This is my main complaint with the tone of Kalimdor faction quests, especially night elf questing, and especially quests that involve the player’s allies dying. I’m fine with questing being a give-and-take, of having the other faction win against us as much as we can win against them. But I feel that the night elf questing experience collectively put far too much focus on the tragedy of events the player is too late or unable to stop, and focused far too much on losses that were only partially redressed in questing.
Like, for multiple Horde quests (and what I think is the better way to have tragic events in a game where the player is meant to have agency), the average theme was:
Go out to an outpost/frontier to fight your enemies → Ally dies in the fight/find ally’s body → slay the enemies responsible.
And all too many night elf quests had the flow of:
Go to what is supposed to be a safe area where civilians live → find ally’s body → 50% chance of fighting enemies responsible/50% chance of the responsible party being out of reach or not something that can be fought (like a tidal wave that already passed) → talk about how tragic the death and destruction is.
Taurajo is one of the few examples of this on the Horde-side, and I think the ongoing reaction that story causes is a testament to how much this kind of plot affects people.
The main issue is that there are too many of the latter in night elf questing, from the moment the player flies into Lor’danel all the way to the end of Ashenvale questing.
A large part of this is, I think, due to different visions and expectations for the two factions.
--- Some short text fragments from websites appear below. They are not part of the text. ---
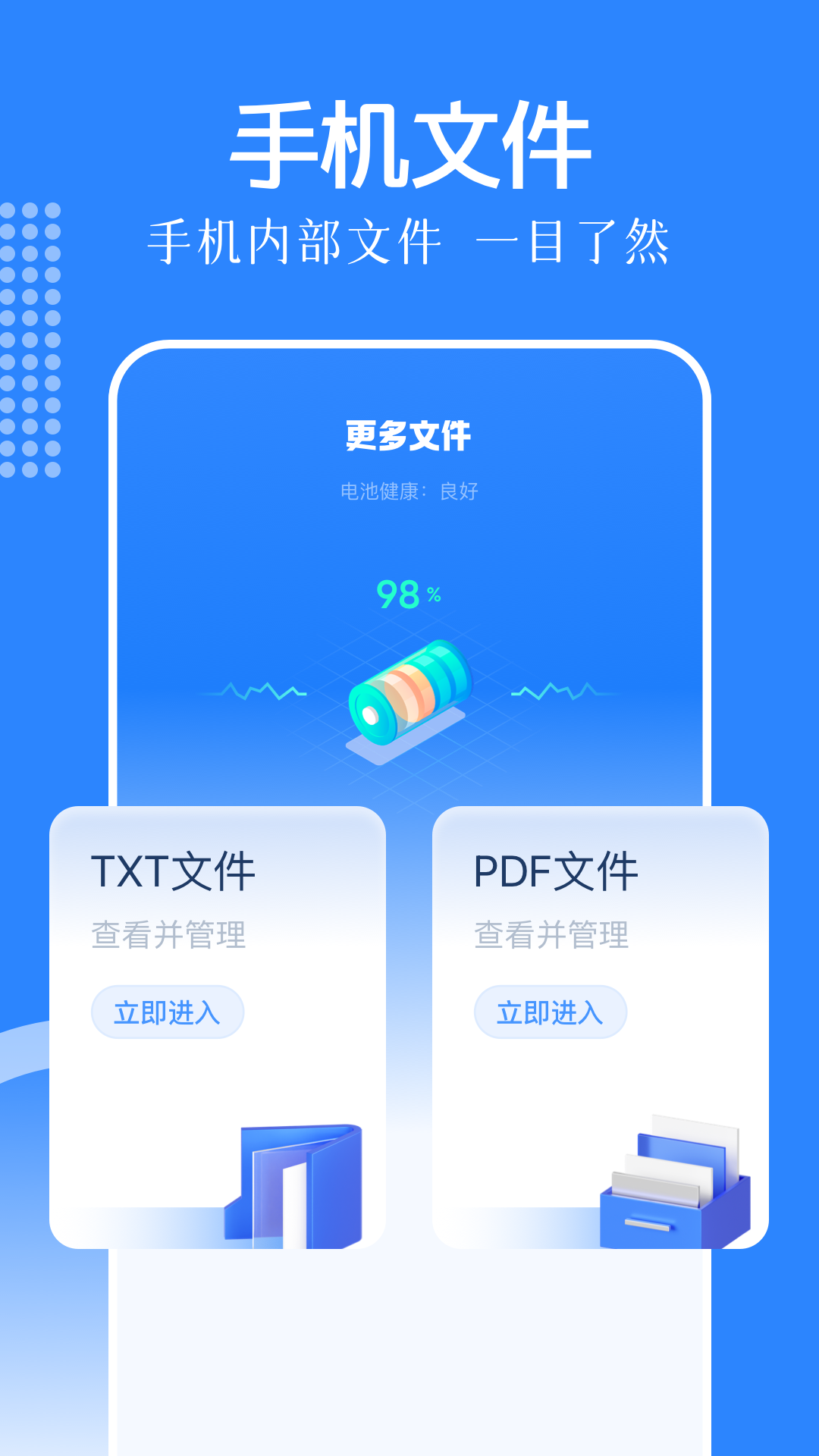 精彩截图-KipoMobile2024官方新版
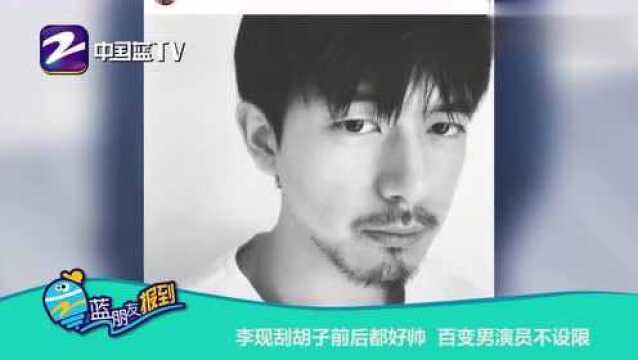 蓝朋友报到:李现神级表情管理 男演员的自我修养绝了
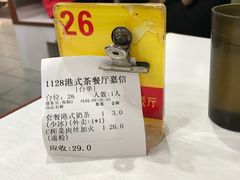-1128港式茶餐厅(嘉信广场店)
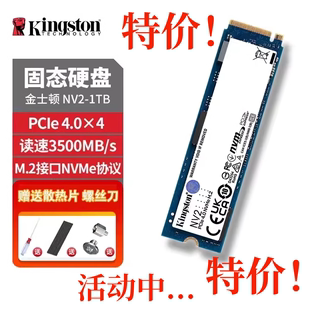 金士顿NV2 PCIE4.0笔记本台式 Kingston M2固态硬盘nvme特价 SSD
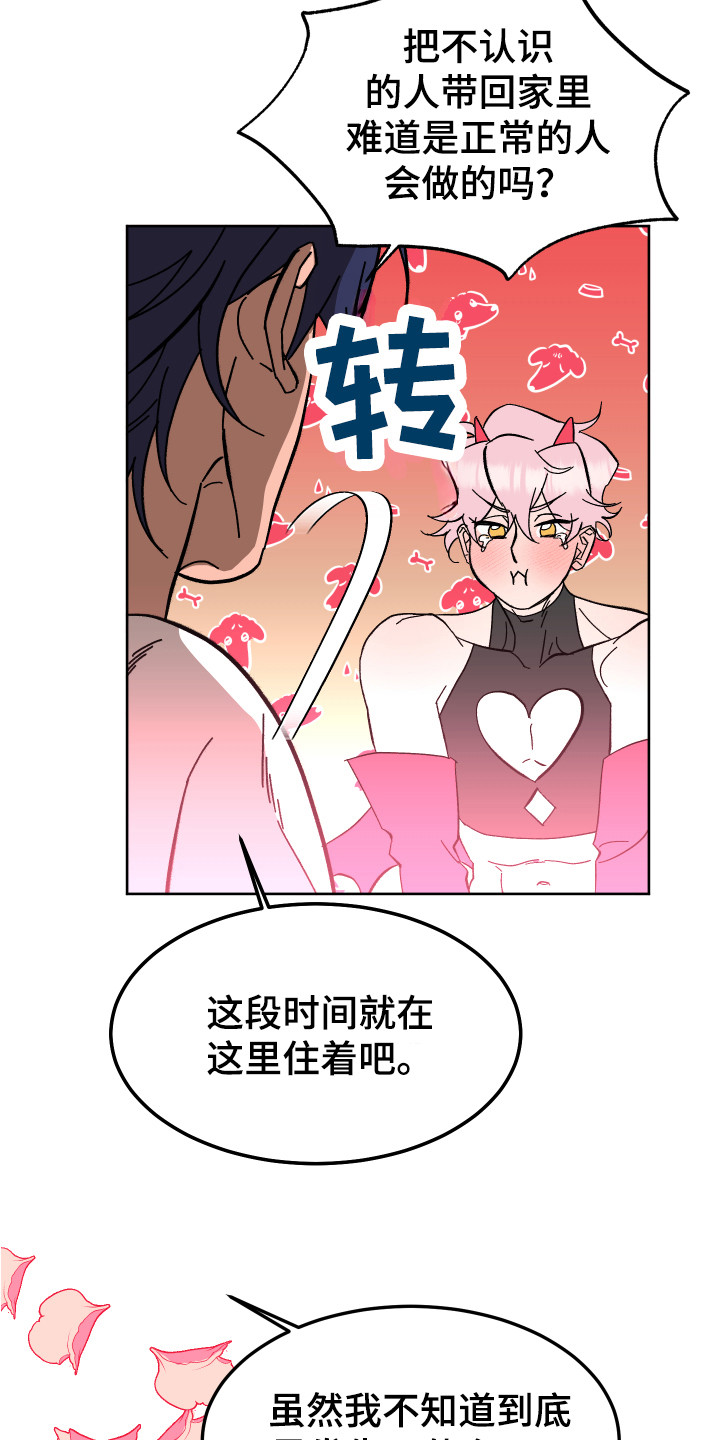 梦魔药水配方漫画,第3章：改头换面1图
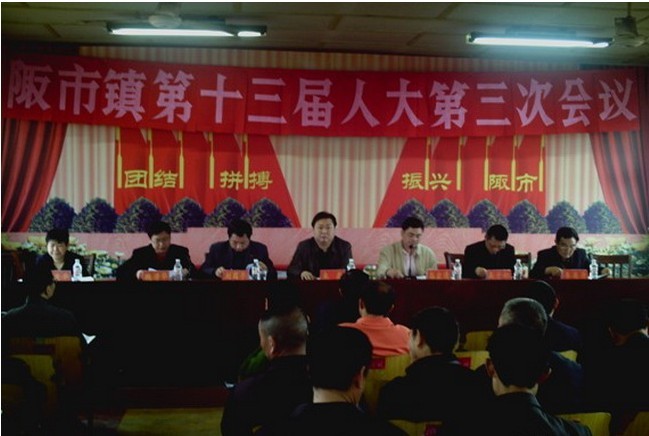  p data-id="gnhed1bplw">陬市镇,隶属于湖南省常德市桃源县,地处桃源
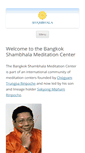 Mobile Screenshot of bangkok.shambhala.info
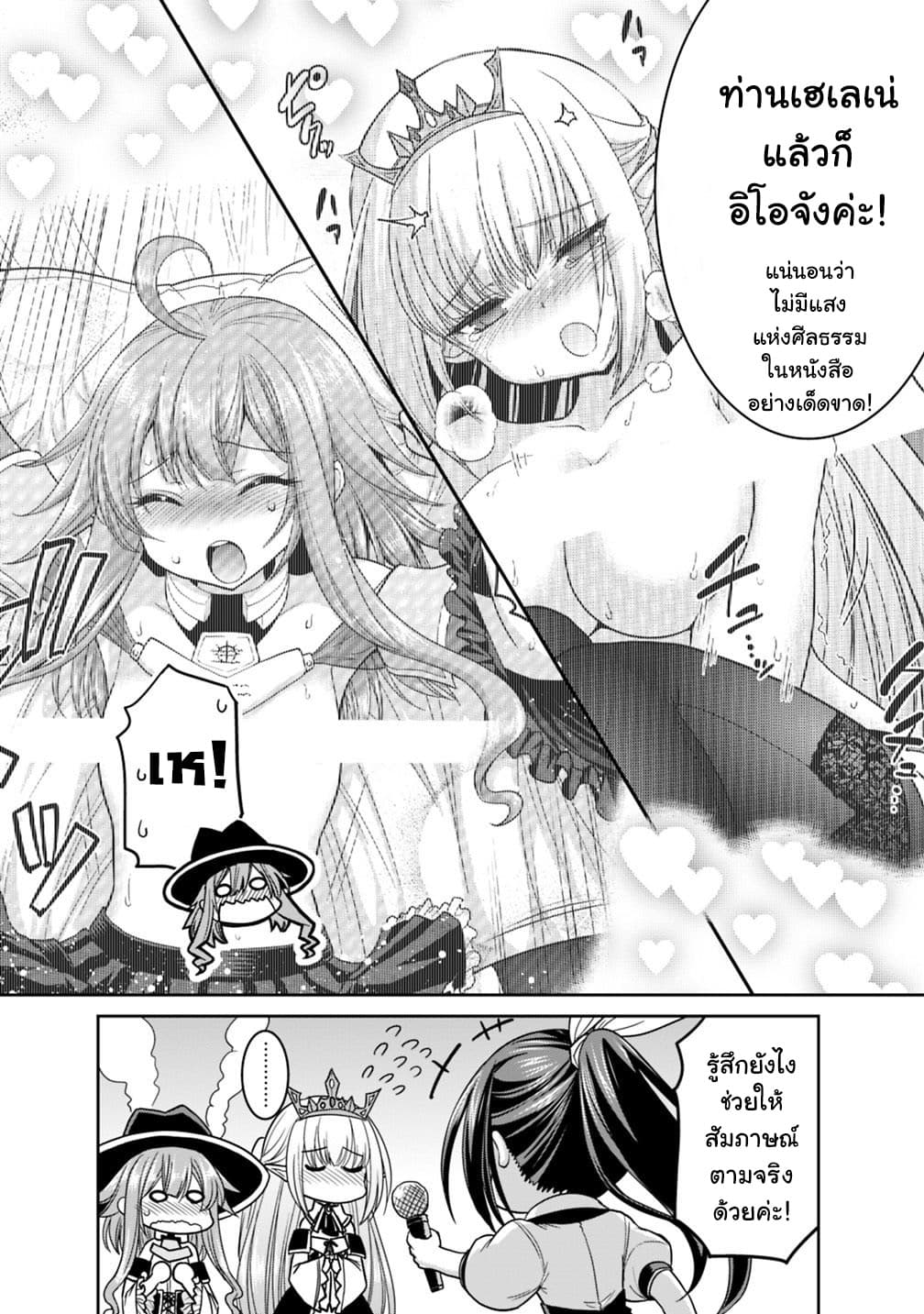 Kujibiki Tokushou: Musou Harem-ken page 3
The Alliance races are mostly settled in lands they have lived in for a long history - thus, when they are turned into questing zones that require enemies for PCs to fight, they’re written as a bunch of vulnerable civilians in danger of violence that they can’t defend themselves against; versus the Horde, who are more portrayed as settlers or nomads with a bigger focus on individual strength and whose civilians themselves are capable and prepared for violence. But a lot of night elf players, especially the WCIII fans, view the night elves as the latter rather than the former, and thus are upset by the pity party that too much of night elf questing is - since we players can see all the game’s quests, we can see all other depictions and grouse about why we didn’t get the existing one that we think would fit better.
And unfortunately for the Horde, Ashenvale is the last non-neutral night elf zone, and thus where a lot of players expected to pay off all that accumulated story debt - to get some grand, fulfilling ending that would make all that suffering worthwhile.
But Ashenvale is at best just status quo - the Horde is shown as occupying new areas all the way through the zone up to the Darkshore border, killing innocent (and possibly familiar) NPCs and sieging night elf civilian centers along the way, and the Alliance player… takes some, not all, of those areas back.
And stops there. Yay? At least more innocents didn’t die (at least until the next incursion, because the heart of the problem is never dealt with).
That’s it, shuffle on to the next zone. (And if it’s Stonetalon, get ready for another pity party where you get to fail and watch the innocents you’re supposed to protect die in front of your eyes. Woo, faction pride, aren’t we such perfect warriors?)
So all that accumulated frustration bubbles over, and leads to these eternal arguments here on the forums.